Néanmoins, considérer Melodrama seulement pour l’expression de la tristesse et de la solitude serait une erreur. L’album regorge de morceaux festifs et entraînants. Un piano enivrant, des refrains puissants, des graves enchantants et des paroles explicitement touchantes, dans Green Light, tout est mis en œuvre pour nous faire frissonner et danser. Aujourd’hui, le morceau est certifié disque de platine aux États-Unis et a été nommé deuxième meilleure chanson de la décennie par NME. On retrouve une Lorde déchaînée, comme libérée, prête à briser les chaînes qui la retenaient prisonnières.

Dans la suite de l’album, elle explore les sonorités et les images mentales, passe du sombre au saturé, de l’orange au bleu nuit, saccade sa voix, la brise, la reconstruit.

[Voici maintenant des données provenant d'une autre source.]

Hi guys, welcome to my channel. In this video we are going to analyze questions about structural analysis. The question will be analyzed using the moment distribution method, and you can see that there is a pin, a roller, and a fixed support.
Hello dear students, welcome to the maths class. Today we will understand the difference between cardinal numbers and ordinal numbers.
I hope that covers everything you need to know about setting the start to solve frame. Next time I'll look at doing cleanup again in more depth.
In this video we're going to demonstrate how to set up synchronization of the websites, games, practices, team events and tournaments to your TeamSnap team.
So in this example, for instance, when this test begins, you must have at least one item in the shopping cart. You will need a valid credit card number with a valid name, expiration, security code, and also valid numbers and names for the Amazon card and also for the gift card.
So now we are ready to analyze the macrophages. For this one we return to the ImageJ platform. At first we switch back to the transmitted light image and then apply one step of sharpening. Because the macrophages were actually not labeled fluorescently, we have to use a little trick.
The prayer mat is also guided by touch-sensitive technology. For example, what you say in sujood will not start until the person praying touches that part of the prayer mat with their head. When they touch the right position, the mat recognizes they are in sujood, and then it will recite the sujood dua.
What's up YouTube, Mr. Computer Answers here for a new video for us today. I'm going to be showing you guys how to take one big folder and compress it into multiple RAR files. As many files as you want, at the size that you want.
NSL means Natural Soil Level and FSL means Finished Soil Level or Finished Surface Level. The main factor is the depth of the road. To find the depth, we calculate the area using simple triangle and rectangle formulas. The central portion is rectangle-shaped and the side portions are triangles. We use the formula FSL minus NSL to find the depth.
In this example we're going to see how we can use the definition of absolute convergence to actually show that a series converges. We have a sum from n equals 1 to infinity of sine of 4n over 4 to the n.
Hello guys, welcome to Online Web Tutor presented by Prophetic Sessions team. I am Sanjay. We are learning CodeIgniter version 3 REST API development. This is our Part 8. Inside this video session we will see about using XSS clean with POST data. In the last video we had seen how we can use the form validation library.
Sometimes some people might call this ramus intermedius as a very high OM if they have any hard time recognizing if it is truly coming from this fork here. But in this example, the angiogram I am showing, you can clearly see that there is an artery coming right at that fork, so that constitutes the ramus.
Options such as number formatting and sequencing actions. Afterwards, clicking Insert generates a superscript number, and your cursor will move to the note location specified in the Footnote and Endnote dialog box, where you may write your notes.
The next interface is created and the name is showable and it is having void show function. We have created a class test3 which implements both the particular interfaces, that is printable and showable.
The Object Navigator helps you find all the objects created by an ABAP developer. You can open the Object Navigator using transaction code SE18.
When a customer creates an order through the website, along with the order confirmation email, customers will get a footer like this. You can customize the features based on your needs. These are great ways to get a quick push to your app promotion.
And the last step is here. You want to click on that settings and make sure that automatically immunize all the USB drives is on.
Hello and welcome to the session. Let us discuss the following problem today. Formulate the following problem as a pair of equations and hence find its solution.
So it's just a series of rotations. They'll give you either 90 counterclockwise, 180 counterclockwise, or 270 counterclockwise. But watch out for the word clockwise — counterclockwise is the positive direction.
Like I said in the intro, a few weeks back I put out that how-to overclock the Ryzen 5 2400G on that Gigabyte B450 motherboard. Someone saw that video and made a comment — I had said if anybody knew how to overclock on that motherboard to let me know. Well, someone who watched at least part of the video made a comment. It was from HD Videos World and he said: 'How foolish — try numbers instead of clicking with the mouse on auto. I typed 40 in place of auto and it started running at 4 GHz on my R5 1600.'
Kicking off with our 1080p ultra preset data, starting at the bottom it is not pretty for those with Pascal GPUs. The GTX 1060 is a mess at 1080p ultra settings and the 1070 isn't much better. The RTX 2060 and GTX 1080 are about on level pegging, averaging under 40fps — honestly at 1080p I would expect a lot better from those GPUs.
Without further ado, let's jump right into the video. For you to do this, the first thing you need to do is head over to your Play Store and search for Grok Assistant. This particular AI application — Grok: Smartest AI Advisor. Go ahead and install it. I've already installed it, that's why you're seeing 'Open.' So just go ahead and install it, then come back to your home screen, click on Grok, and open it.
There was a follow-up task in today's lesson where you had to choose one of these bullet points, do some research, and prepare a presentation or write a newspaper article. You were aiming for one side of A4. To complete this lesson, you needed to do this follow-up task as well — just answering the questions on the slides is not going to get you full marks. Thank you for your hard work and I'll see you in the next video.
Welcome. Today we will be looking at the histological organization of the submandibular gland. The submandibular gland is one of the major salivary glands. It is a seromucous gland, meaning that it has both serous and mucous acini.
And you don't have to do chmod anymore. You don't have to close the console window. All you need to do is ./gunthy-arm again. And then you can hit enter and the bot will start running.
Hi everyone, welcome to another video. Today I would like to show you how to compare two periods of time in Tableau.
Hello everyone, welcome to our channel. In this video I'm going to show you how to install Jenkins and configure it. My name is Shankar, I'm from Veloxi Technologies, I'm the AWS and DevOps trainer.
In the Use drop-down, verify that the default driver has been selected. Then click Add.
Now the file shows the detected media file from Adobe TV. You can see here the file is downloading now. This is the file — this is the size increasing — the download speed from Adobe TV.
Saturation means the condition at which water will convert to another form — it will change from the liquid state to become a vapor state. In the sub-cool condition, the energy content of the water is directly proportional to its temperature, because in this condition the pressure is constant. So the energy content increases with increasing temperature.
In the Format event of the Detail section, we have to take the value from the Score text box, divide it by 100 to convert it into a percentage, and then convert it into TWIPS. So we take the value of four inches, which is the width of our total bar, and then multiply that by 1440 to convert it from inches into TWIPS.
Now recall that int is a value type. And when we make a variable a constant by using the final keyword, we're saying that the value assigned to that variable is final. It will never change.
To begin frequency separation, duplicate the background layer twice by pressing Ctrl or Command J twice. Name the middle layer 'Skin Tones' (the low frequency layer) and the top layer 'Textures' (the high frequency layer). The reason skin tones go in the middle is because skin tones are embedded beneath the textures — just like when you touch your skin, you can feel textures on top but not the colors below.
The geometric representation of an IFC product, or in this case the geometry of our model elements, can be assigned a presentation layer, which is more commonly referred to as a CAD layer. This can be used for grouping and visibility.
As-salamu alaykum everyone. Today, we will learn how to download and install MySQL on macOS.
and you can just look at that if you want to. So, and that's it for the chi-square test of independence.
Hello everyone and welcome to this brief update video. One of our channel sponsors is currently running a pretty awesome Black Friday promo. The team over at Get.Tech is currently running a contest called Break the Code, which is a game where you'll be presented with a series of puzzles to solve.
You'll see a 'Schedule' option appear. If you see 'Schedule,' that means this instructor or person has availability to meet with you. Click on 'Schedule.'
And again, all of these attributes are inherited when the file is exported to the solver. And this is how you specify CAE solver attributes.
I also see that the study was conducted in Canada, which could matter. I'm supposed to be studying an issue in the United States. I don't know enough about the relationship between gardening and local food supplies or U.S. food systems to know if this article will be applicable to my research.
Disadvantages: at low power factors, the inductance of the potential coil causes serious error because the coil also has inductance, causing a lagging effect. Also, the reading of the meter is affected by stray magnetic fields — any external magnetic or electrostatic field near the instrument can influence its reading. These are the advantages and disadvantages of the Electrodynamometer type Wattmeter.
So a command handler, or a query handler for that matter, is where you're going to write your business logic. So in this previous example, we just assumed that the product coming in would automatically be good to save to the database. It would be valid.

Elle danse entre ballades et morceaux synth pop en frôlant la house et l’électro.
L’album se ferme sur le bouillant Perfect Places où plus que jamais, Lorde s’interroge sur le besoin d’évasion que l’on ressent en devenant adulte. Ce questionnement sur notre place dans le monde lorsque l’on a 20 ans et que l’on jure que par la fête. “Toutes ces nuits passées sans les voir/ En essayant de trouver ces endroits parfaits/ Mais, bordel, c’est quoi un endroit parfait ?”
Melodrama est une explosion d'émotions. Voilà la force de ce deuxième album, entre sonorités novatrices et textes aussi universels que touchants, Lorde rend hommage à cette jeunesse qui a mal. Cette jeunesse qui avance sans but, dans l’obscurité des lampadaires nocturnes. Une jeunesse qui pleure, sous les paillettes et les confettis.